Nutrient-Rich! Cheonginulseol Broccoli Steamed Recipe
Simple Cheonginulseol Steamed Broccoli Made with Healthy Broccoli
Hello! Our strength comes from a hearty meal. Broccoli is a superfood rich in powerful antioxidants like sulforaphane and indole, along with ascorbic acid (Vitamin C). It effectively helps eliminate waste products from the body, prevents aging, and aids in cancer prevention. Specifically, the abundant dietary fiber and beta-carotene in broccoli can protect against UV rays and activate anti-cancer enzymes, potentially benefiting skin health and preventing abnormal skin signals. Furthermore, broccoli is excellent for stomach health and preventing cardiovascular diseases, so consuming it regularly is highly recommended. However, due to its ‘cool’ nature, excessive consumption might lead to stomachaches or diarrhea, so moderation is key. Today, we will create a healthy dish using the ‘Cheonginulseol’ steamed broccoli recipe, maximizing broccoli’s nutritional benefits.

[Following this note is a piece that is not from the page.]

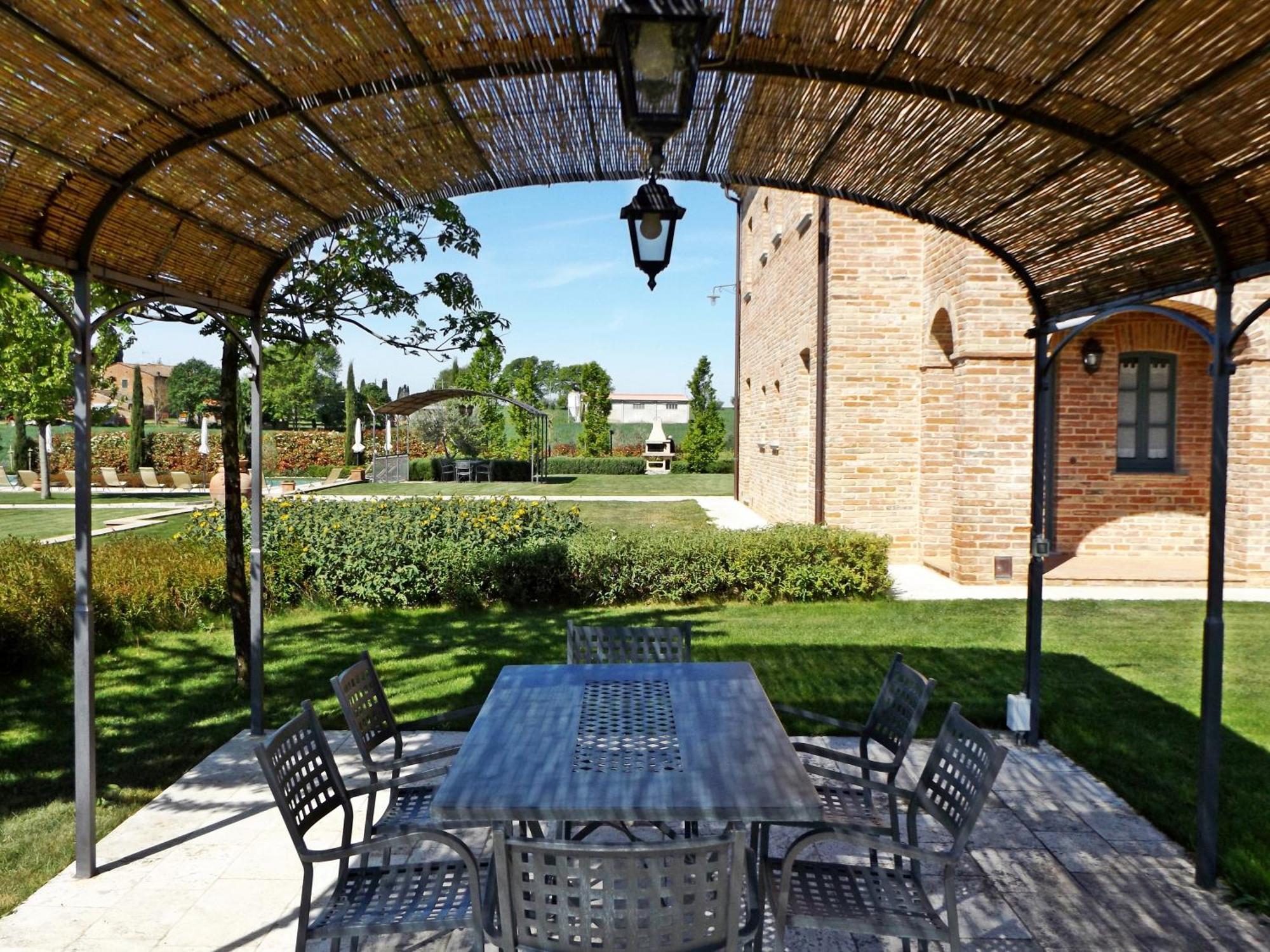 Casa Vacanze La Fiorita Cortona Exterior photo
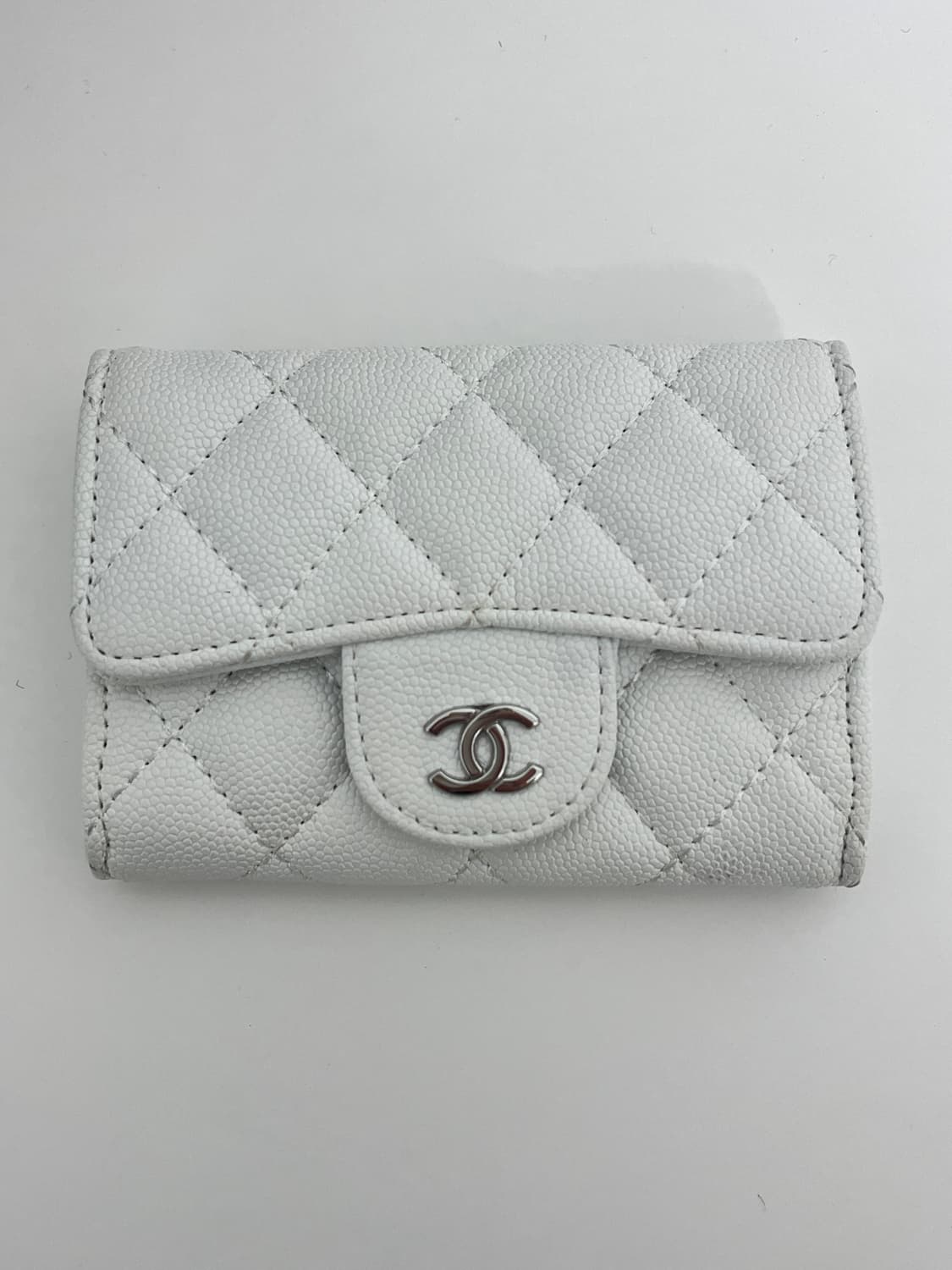 새상품) 샤넬 클래식 카드지갑 화이트 상품이미지1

Main Ingredients- 1 fresh head of broccoli
- 600ml water for steaming
Mustard Sauce- 1 Tbsp prepared mustard
- 2 Tbsp soy sauce
- 2 Tbsp water
- 1 Tbsp radish juice
- 1 Tbsp prepared mustard
- 2 Tbsp soy sauce
- 2 Tbsp water
- 1 Tbsp radish juice
Cooking Instructions
Step 1
Cut the fresh broccoli into bite-sized florets. While the ‘Cheonginulseol’ recipe mentioned cutting the broccoli stem lengthwise and wrapping it with thin beef slices, today we will focus on the florets to highlight the broccoli’s natural flavor.
Step 2
If the florets are too large, cut them in half for easier, bite-sized pieces. This makes them more enjoyable, especially for children.
Step 3
After washing the broccoli thoroughly, soak it in water with a splash of vinegar for about 3 minutes. Then, rinse under running water and drain completely. Ensuring it’s well-drained prevents it from becoming mushy during steaming. Pat it dry with paper towels.
Step 4
While broccoli is often blanched in boiling water, this method can lead to the loss of its key nutrient, sulforaphane. Steaming is a far more effective method to preserve nutrients. Add 600ml of water to your steamer. Once the water is boiling vigorously and steam is rising, arrange the prepared broccoli florets on the steaming rack.
Step 5
Immediately cover the steamer with its lid. It’s important to seal it tightly to prevent steam from escaping.
Step 6
It’s best to steam the broccoli for no more than 3 minutes. This short steaming time helps maintain its crisp texture and vibrant green color, while minimizing nutrient loss.
Step 7
Broccoli is commonly enjoyed with a spicy red pepper paste (gochujang) dip, but its flavor profile actually pairs much better with mustard or wasabi. Today, we’ll make a simple mustard sauce that complements broccoli perfectly. In a small bowl, combine 2 Tbsp water, 2 Tbsp soy sauce, 1 Tbsp prepared mustard, and 1 Tbsp radish juice (use grated radish juice). If you prefer a thicker sauce with some texture, you can include the grated radish pulp along with the juice, similar to gochujang. Serve this delicious sauce with your freshly steamed broccoli.